The chair of the local Commodore Trust (which has 'long fought to protect and revive the historic dockyard') has argued that 'these plans will see the destruction of a rare, if not unique, group of listed monuments that are a testament to the industry that gave birth to Pembroke Dock, revived the fortunes of Pembroke and gave the Milford Haven waterway a place in Wales, UK and world history'; Pembrokeshire County Council, however, was persuaded by the developers (Port of Milford Haven) that the economic benefits of the project would 'far outweigh' its impact on the historic environment. The project will see the listed structures replaced by two five-storey warehouses (to house future shipbuilding operations) and 'a giant concrete slipway, stretching out into the water alongside the grade II listed Hobbs point causeway'.

Military garrison 

As the dockyard and its importance grew, the need to defend it was addressed and Pembroke Dock became a military town. Work began in 1844 to build defensible barracks. In 1845 the first occupiers were the Royal Marines of the Portsmouth Division, followed through the years by many famous regiments. Between 1849 and 1857, two Martello towers of dressed Portland stone were constructed at the south-western and north-western corner of the dockyard; both were garrisoned by sergeants of artillery and their families.

In the 1850s a hutted encampment was established nearby on Llanion Hill.
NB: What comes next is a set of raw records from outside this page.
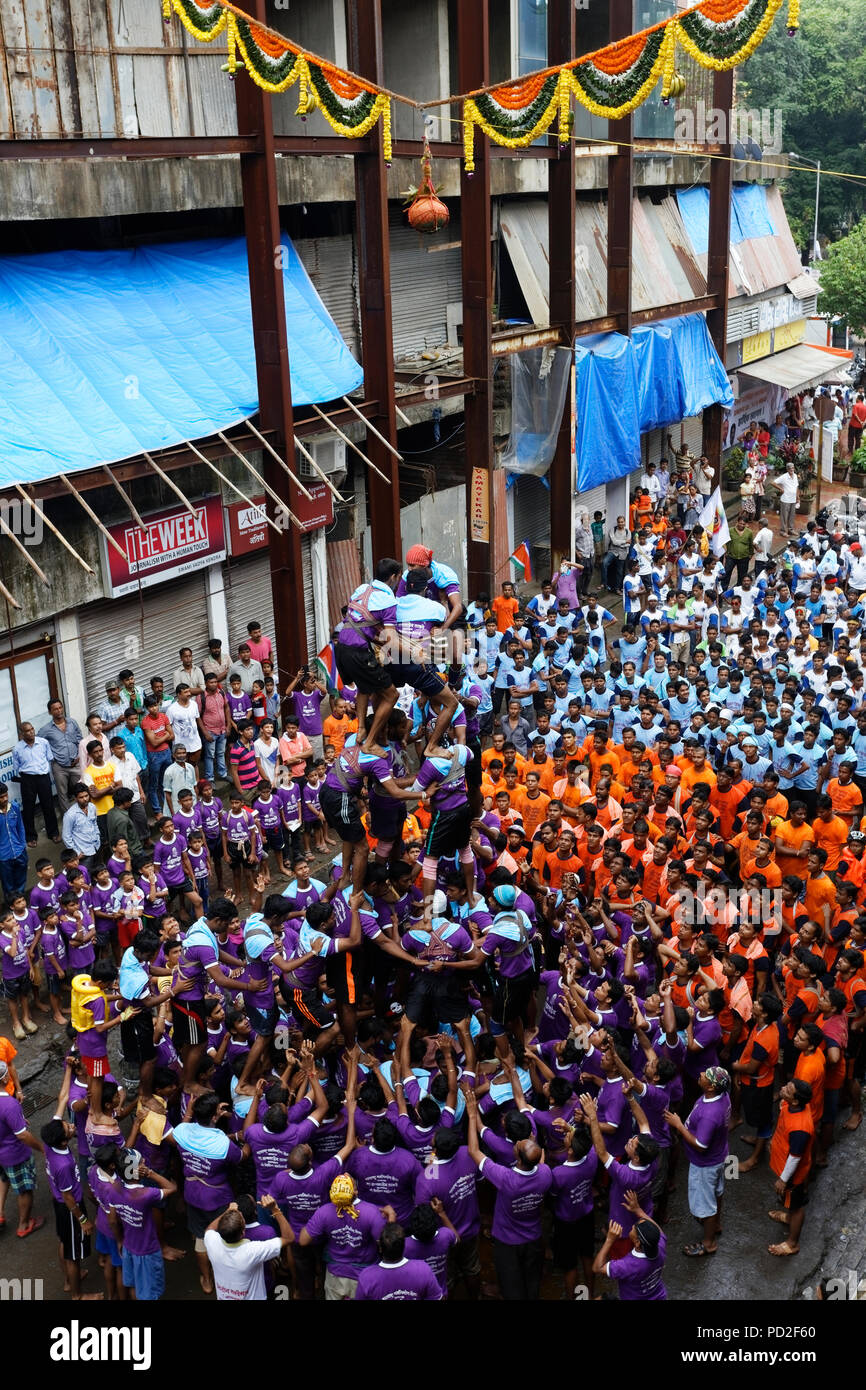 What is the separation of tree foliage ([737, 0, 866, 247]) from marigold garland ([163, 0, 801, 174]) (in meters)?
36.2

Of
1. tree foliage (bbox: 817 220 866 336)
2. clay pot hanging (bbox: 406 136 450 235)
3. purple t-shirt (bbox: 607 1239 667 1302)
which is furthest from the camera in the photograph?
tree foliage (bbox: 817 220 866 336)

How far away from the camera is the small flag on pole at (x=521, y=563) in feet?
72.3

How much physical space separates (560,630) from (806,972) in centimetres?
711

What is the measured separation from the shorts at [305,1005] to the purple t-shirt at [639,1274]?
261 centimetres

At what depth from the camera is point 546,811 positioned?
39.7ft

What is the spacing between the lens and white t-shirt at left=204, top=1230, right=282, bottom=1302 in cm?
704

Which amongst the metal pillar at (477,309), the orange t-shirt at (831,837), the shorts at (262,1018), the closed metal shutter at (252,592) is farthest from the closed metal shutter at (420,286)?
the shorts at (262,1018)

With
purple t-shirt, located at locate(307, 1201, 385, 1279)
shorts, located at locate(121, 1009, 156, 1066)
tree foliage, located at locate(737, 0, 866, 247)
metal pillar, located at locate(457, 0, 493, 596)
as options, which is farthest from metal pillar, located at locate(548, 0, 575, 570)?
tree foliage, located at locate(737, 0, 866, 247)

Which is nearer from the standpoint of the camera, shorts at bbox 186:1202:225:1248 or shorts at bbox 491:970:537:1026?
shorts at bbox 186:1202:225:1248

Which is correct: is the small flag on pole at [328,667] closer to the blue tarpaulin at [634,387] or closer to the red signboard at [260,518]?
the red signboard at [260,518]

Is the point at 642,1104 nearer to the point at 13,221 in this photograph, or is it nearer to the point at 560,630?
the point at 560,630

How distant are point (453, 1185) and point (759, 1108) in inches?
109

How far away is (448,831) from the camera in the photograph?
9570mm

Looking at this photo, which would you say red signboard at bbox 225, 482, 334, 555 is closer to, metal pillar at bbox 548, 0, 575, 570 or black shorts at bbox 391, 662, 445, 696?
metal pillar at bbox 548, 0, 575, 570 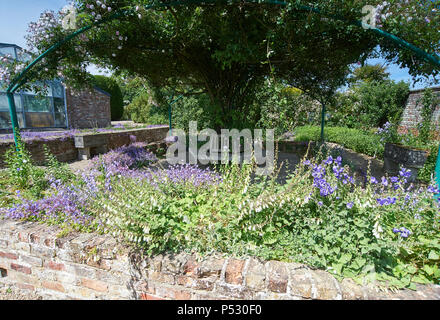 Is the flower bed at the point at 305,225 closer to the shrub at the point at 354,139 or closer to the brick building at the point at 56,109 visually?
the shrub at the point at 354,139

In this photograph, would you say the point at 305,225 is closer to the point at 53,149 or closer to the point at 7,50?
the point at 53,149

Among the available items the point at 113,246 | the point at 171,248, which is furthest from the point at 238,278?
the point at 113,246

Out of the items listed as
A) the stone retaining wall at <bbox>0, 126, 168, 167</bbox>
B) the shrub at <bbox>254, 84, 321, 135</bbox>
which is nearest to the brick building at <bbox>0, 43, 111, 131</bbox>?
the stone retaining wall at <bbox>0, 126, 168, 167</bbox>

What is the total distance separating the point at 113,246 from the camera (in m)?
1.77

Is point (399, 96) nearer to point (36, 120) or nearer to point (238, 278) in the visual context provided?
point (238, 278)

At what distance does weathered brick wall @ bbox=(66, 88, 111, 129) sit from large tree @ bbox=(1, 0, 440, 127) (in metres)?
10.2

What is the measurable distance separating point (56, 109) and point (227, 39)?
13006 millimetres

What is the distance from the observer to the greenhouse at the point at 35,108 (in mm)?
10156

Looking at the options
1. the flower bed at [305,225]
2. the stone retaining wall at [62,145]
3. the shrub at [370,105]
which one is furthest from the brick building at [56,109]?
the shrub at [370,105]

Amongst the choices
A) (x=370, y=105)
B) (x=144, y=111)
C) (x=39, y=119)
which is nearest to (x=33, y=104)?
(x=39, y=119)

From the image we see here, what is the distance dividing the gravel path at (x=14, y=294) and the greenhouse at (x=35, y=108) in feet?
31.5

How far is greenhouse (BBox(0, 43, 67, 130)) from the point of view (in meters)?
10.2

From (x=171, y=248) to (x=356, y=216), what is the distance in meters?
1.49

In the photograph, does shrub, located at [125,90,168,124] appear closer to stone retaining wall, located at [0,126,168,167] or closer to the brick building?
the brick building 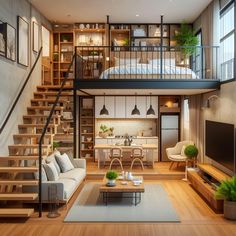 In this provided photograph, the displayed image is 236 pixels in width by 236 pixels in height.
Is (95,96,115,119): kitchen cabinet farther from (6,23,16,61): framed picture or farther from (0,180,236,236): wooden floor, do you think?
(0,180,236,236): wooden floor

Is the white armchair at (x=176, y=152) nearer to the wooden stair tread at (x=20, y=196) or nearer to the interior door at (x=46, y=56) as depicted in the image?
the interior door at (x=46, y=56)

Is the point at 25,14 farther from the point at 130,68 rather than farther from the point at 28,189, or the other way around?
the point at 28,189

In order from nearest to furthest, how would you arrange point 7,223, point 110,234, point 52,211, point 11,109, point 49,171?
point 110,234 → point 7,223 → point 52,211 → point 49,171 → point 11,109

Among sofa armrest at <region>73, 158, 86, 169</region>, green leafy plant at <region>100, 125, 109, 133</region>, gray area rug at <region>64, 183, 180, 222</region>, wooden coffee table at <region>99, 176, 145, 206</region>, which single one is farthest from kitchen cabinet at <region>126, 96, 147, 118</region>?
wooden coffee table at <region>99, 176, 145, 206</region>

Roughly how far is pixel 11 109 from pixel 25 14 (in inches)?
110

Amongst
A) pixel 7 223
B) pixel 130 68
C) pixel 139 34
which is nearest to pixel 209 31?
pixel 130 68

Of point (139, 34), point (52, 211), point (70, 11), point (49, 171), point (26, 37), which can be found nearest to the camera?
point (52, 211)

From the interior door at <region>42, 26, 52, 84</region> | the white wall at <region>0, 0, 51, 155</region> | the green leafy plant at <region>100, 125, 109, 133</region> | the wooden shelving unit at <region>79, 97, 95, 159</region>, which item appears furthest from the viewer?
the wooden shelving unit at <region>79, 97, 95, 159</region>

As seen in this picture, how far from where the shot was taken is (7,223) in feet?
16.8

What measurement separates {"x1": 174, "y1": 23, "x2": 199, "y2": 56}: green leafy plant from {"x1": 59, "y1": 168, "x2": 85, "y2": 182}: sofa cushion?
451 centimetres

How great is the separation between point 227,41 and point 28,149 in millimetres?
5408

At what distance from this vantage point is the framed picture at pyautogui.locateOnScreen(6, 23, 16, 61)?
6.80 m

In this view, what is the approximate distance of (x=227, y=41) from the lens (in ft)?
24.0

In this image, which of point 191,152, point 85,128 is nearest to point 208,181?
point 191,152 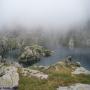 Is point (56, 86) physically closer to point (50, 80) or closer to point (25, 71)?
point (50, 80)

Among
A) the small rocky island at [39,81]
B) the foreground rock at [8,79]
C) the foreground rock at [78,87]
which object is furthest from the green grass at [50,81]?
the foreground rock at [78,87]

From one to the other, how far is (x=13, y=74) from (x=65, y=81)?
12.9 m

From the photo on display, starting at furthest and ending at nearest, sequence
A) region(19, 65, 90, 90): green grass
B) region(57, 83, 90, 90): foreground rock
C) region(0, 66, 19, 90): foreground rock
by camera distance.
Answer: region(19, 65, 90, 90): green grass, region(0, 66, 19, 90): foreground rock, region(57, 83, 90, 90): foreground rock

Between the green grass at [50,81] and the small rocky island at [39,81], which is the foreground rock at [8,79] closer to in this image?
the small rocky island at [39,81]

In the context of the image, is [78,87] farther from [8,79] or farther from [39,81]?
[8,79]

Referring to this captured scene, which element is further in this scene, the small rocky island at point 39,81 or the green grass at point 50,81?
the green grass at point 50,81

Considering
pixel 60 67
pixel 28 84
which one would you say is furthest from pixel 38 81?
pixel 60 67

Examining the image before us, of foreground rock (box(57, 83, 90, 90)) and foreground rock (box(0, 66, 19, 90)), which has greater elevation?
foreground rock (box(0, 66, 19, 90))

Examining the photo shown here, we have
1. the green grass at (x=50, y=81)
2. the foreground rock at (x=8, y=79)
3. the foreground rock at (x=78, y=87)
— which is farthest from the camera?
the green grass at (x=50, y=81)

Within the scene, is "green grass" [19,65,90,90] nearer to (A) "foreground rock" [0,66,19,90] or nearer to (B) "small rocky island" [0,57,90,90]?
(B) "small rocky island" [0,57,90,90]

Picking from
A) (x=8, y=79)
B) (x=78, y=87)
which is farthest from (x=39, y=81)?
(x=78, y=87)

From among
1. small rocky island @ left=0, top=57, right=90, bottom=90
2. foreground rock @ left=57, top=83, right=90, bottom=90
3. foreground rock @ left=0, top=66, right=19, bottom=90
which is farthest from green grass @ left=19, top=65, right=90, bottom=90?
foreground rock @ left=57, top=83, right=90, bottom=90

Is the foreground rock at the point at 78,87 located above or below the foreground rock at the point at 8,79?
below

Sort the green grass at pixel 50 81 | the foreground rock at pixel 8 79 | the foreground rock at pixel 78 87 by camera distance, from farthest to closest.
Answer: the green grass at pixel 50 81 < the foreground rock at pixel 8 79 < the foreground rock at pixel 78 87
In 1904 this was replaced by four brick-built barrack blocks, designed to house a thousand troops. The new Llanion Barracks was 'the first barracks to be constructed with a separate area for cooking and ablutions and was one of the most modern in the country'.

The town remained garrisoned with troops until 1967.

RAF base 

With the closure of the dockyard in 1926, the year of the General Strike, unemployment was high through the Great Depression until 1931 when No. 210 Squadron RAF arrived equipped with Southampton II flying boats. For almost 30 years the Royal Air Force was based at Pembroke Dock. During 1943, when home to the Sunderland flying boats, it was the largest operational base for flying boats in the world.

It was announced in 1957 that the RAF would be drastically reducing its presence.

Pembroke Dock has a link to Hollywood: the full-scale Millennium Falcon built for The Empire Strikes Back was created in one of Pembroke Dock's hangars by Marcon Fabrications in 1979.

Today

Pembroke Dock is served by the A477 trunk road which runs from the A40 at St. Clears. At Waterloo the A477 road crosses the Daugleddau estuary on the Cleddau Bridge and continues towards Haverfordwest. It has a ferry terminal from which ferries sail twice-daily to Rosslare in Ireland. The service is operated by Irish Ferries. There is also a deep water cargo port (Pembroke Port) adjacent to the ferry terminal which is operated by the Port of Milford Haven. Pembroke Dock railway station connects with Carmarthen via Tenby.

The two Martello towers remain: one was a local museum but is for sale by auction in July 2019, while the other is in private hands and has been converted for residential use and is largely intact. The dockyard wall is substantially complete and has been recently repaired by experts with dressed stone and lime mortar. The dry dock also remains, along with two out of ten building slips. The two listed hangars built to house the Sunderland flying boats used to guard the Western Approaches have been rebuilt and are now used for other purposes. Among several surviving Georgian and Victorian buildings on the site is the Terrace, a row of houses for the Dockyard officers. The Dockyard Chapel at the end of the Terrace has been rebuilt using Objective One funding from the European Union and now serves as the Pembroke Dock Heritage Centre run by Pembroke Dock Sunderland Trust.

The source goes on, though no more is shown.